We spent a couple days camping near Cody with some friends who had quite the setup at a public campground--they hauled a full size refrigerator/freezer--had some of the best phad thai of my life, which seems mutually exclusive with sagebrush Wyoming camping.
Generally we'd drive to where the good road ran out, and then unload the dirt bikes and go up some more, and then get off and hike and/or fish up into the wilderness. We only saw two piles of bear shit all week which was relieving. Never competed for water with anyone else. Would spend all day out in the sun whooping it up together. Wilson caught all 4 species of trout and a whitefish on Rapala's, although most of the time he prefers to build driftwood navies and sail them through riffles for their sea trials.

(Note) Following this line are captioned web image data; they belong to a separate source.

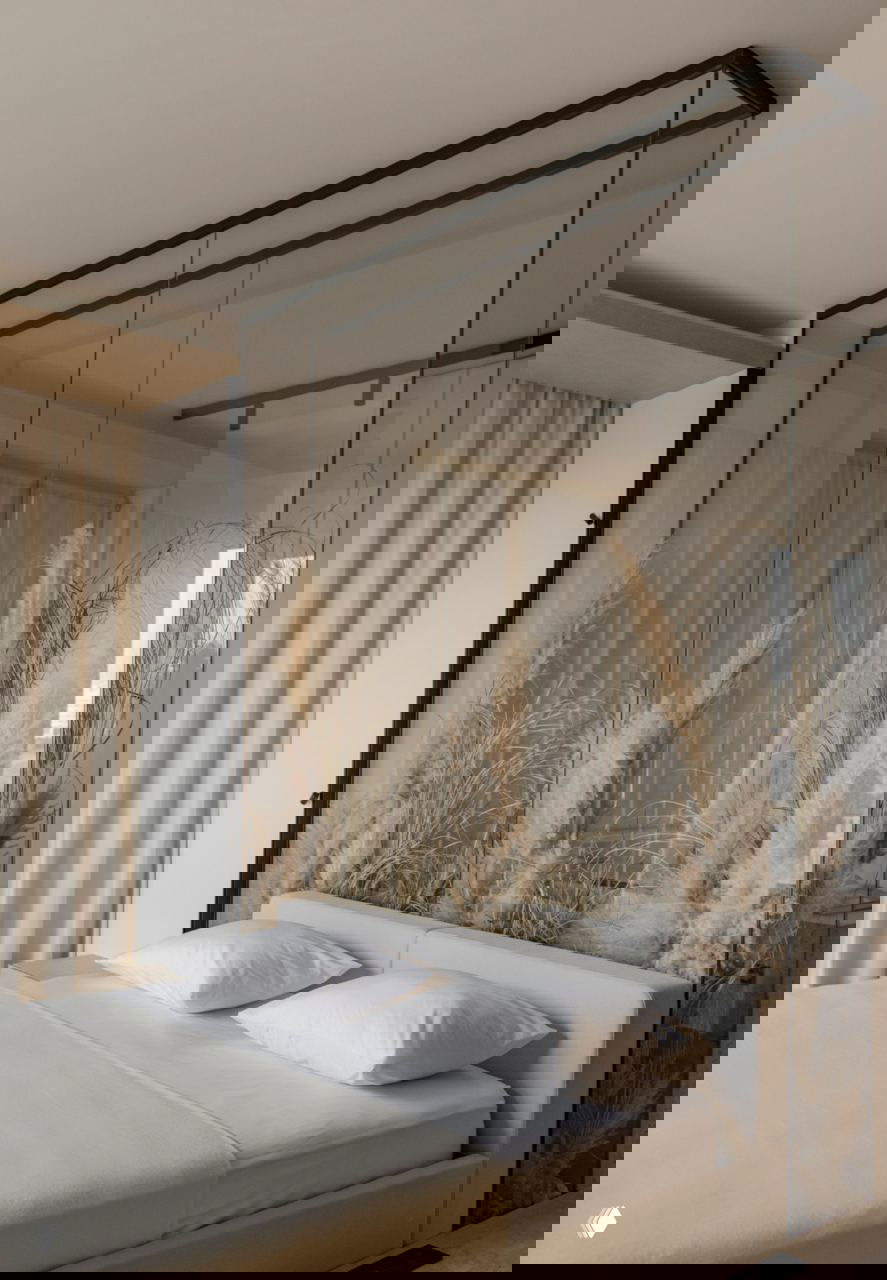 Спальня с прозрачной стеклянной перегородкой, за которой расположены высокие композиции сухоцветов, светлый текстиль и сдержанная нейтральная палитра.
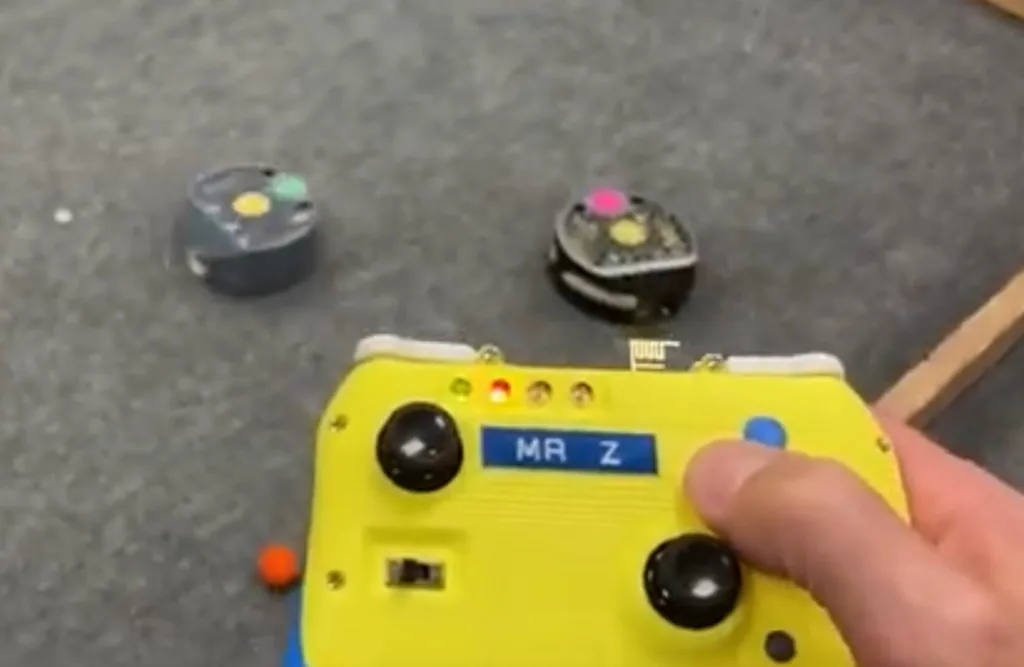 Yellow handheld remote labeled MR Z, with two joysticks, controlling two small round robots on a gray floor.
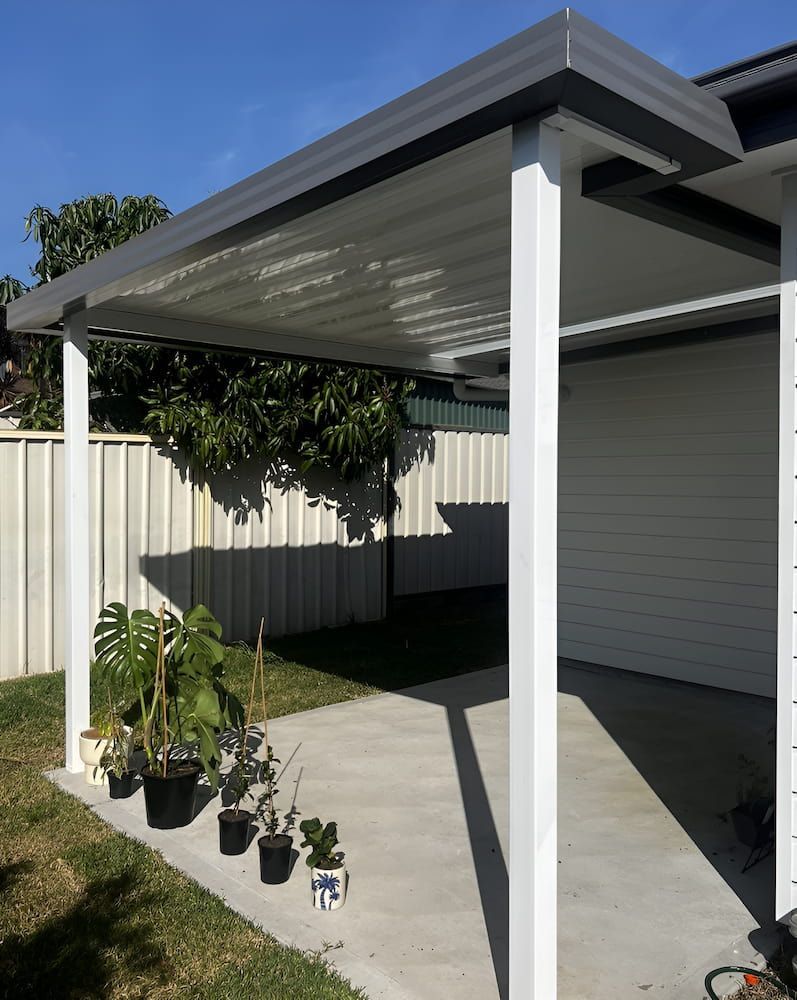 A Patio With A Pergola And Potted Plants In Front Of A House — Hunter Home Services in Lake Macquarie, NSW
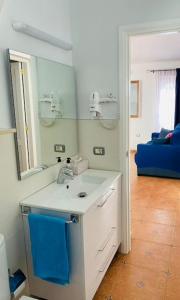 En eller flere senge i et værelse på Rosa Golf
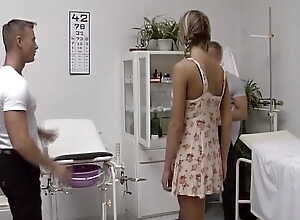 A beautiful blonde German teen receives screwed away from two horny doctors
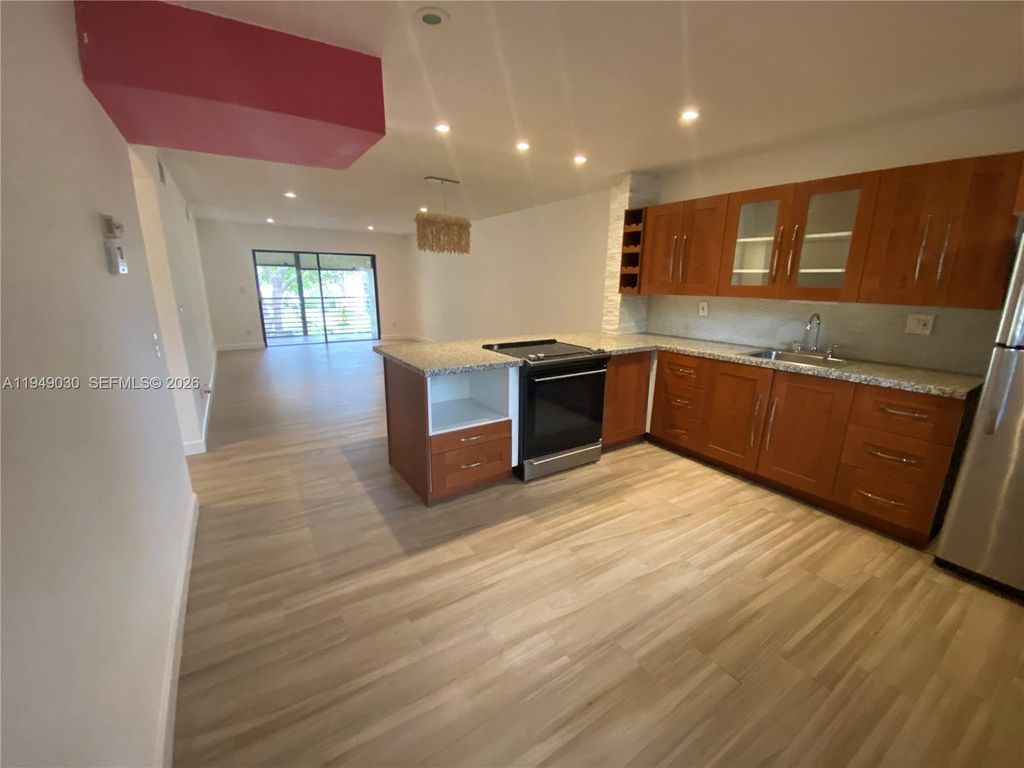 Photo of 6090 N Sabal Palm Blvd #208, Tamarac, FL 33319 (MLS # A11949030)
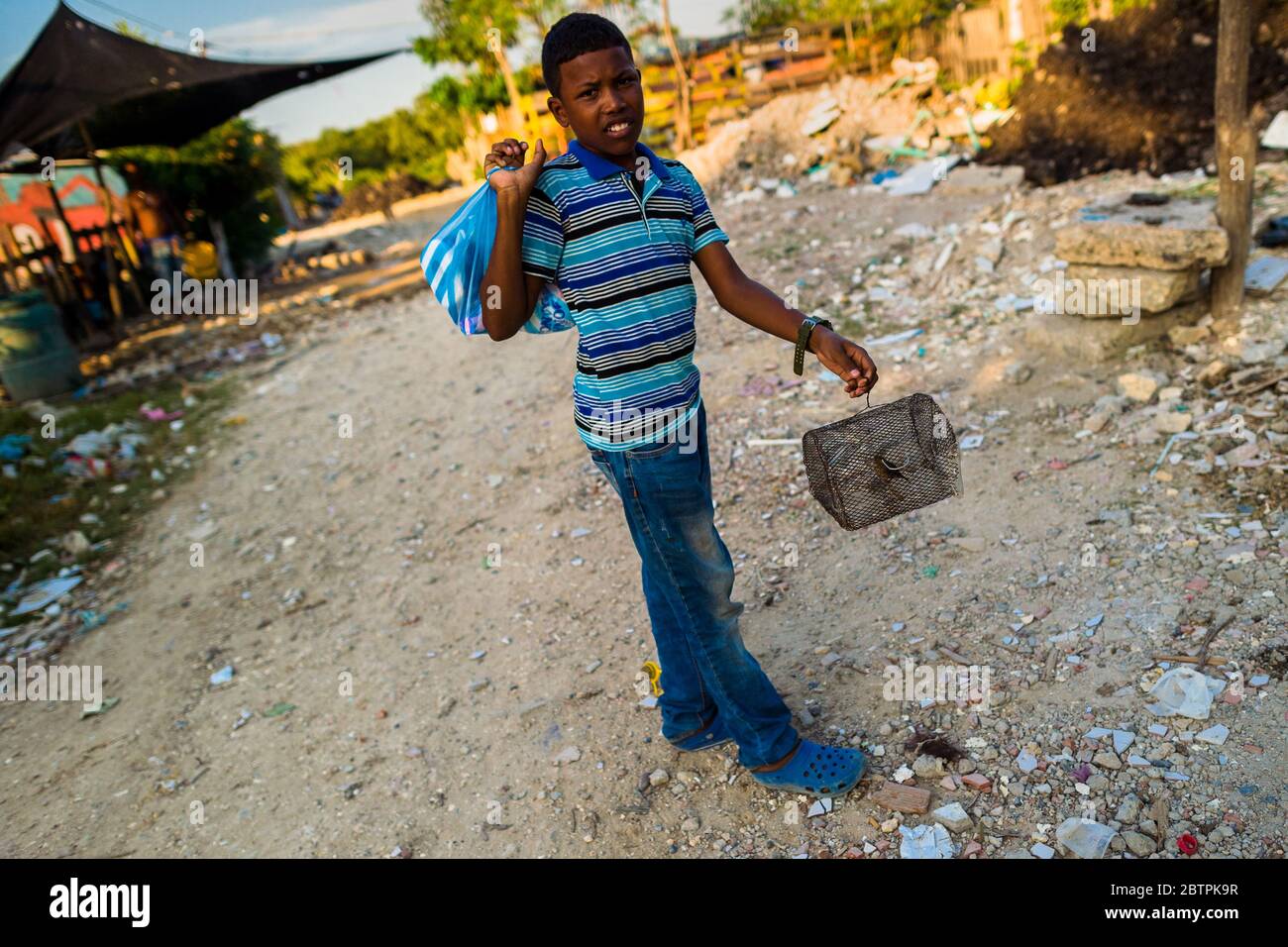 Un garçon colombien porte une petite cage à oiseaux, avec un canari sauvage à l'intérieur, dans le quartier Olaya Herrera à Cartagena, en Colombie. Banque D'Images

We had one absolutely incredible day in a place that has become one of my favorites, with craggy peaks giving way to grassy foothills and a verdant streambed piercing the arid country. One hole I missed two nice fish right at the start, and then Wilson came in with his Rapala and stuck a couple. One large fish remained in view and we tried to catch him for 45 minutes, and finally he ate a big drake fly on it's maiden drift.
Around day 6 or so I realized we could live in a state of indefinite summer for quite some time. I didn't want to go home--we were in heaven having a ball together. And he was out there, doing it, sunburnt and bug bit with no complaints. He honestly didn't even slow me down that much. Towards the end of the day he'd always push me to keep going, "just one more fish Daddy!" with the sun falling behind the mountains and the bears thinking about stirring. It was a stark reminder that, like each day, eventually the sand will have all run through the hourglass, and that these are the times I will have cherished the most.